Monday 29 May 2017

Battlegroup Tobruk — a love affair

I got up this morning to the sound of a courier carefully and tenderly throwing this at my front door.

I've thus far only taken a quick flick through, but even at that passing acquaintance I can see that this is an excellent addition to the Battlegroup series.

I've come late to the Battlegroup party; I thought, when I first saw it on the internet, that it was just jumping on the Bolt Action bandwagon with its fancy illustrated books and what-not — all talk and no trousers, I thought, just another house-organ designed to sell models.

Boy, was I ever wrong. Battlegroup is a far superior wargame to Bolt Action in almost every way.

Don't get me wrong: Bolt Action is a fine battle game, very quick and easy to learn and play, and it can be a lot of fun, but its simplicity necessarily means that technological differences are very much glossed over, and lots of equipment is lumped in together in very broad, indistinct groups. Within the game, for example, a pre-war Hotchkiss 25mm anti-tank gun is functionally identical to a 6 pounder, which is fine if you're happy to accept that lack of granularity in return for the ease of play in not having to account for actual historical performance differences.

I would describe Bolt Action as a generic 20th century battle game wearing WWII lipstick.

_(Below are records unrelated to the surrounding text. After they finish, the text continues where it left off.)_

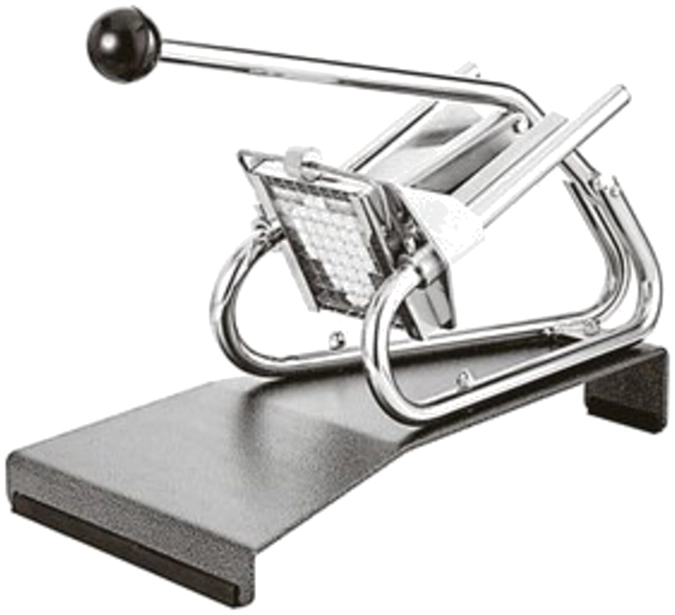 Coupe-frites inox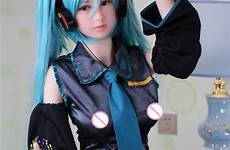 anime doll sex miku hatsune cosplay dolls japanese vagina silicone big real breast ass size skeleton realistic huge 165cm beauty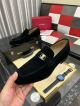 Ferragamo Black Calfskin Leather Man Shoes 052507 (4)_th.jpg
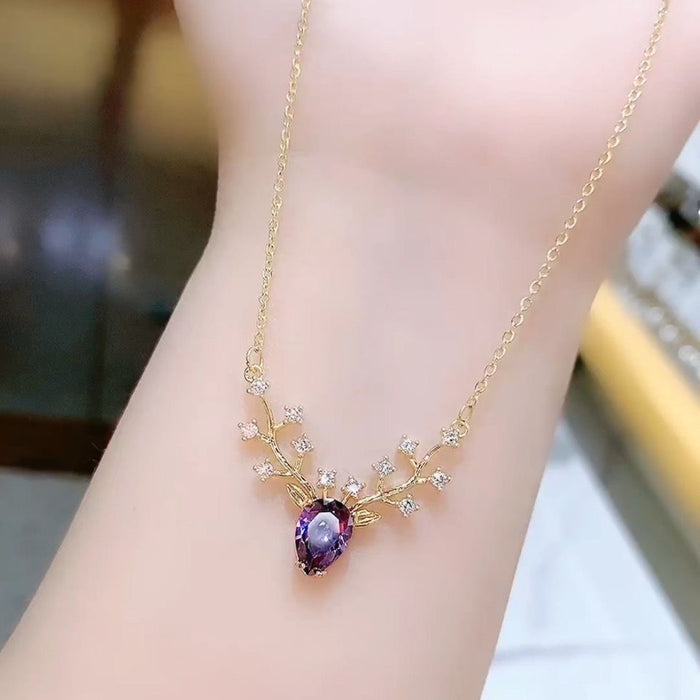 Wholesale Necklace, collarbone chain, simple, personalized, high-end necklace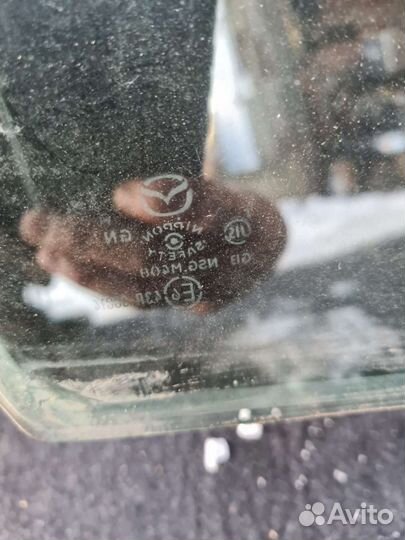 Стекло передней двери Mazda 6 GH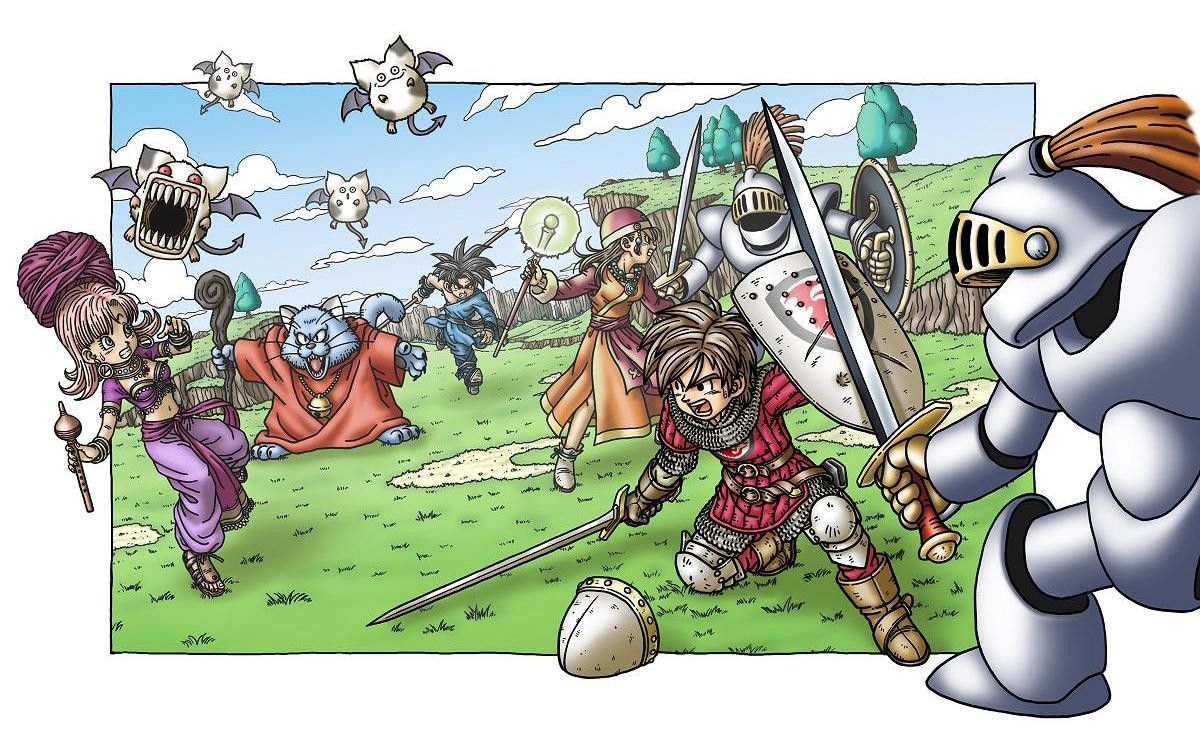 In arrivo un nuovo Dragon Quest su Wii U e 3DS?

Battlegroup is more detailed and granular in pretty much every aspect, while retaining an essential simplicity of play that makes it very beginner-friendly. It deals well with all-arms battles on a tactical scale.

It uses a system of chits (the "battle rating" system) which are taken when units are eliminated or when various conditions occur. These are mostly numerical, and are totted up against your army's total Battle Rating: when the total of your pile of numbered chits exceed your BR, you've lost, and if anything is left they run away. But there are other chits in the mix which, when drawn, can initiate things like air strikes, mine attacks, or which can be used to break down one of your opponent's tanks, for example. They add an element of uncertainty and variability to a game outcome which I like, disheartening though it may be to learn that losing that detached Bren team was much more catastrophic to your army than you might have expected.

The only mechanisms I've found at all tricky to come to grips with are those for indirect artillery, but "tricky" is a relative thing — playing through a few sample barrages soon got us used to the system, and it does a good job of representing the importance of artillery on the WWII battlefield, without making it an all-destroying unstoppable juggernaut. Usually.

I'm more impressed by the Battlegroup rules, the historical information in the theatre volumes, and the presentation of the whole package than I have been by a wargaming system in some considerable time. I may even splash out on a copy of Barbarossa, in spite of having very little interest in gaming that particular bit of the war.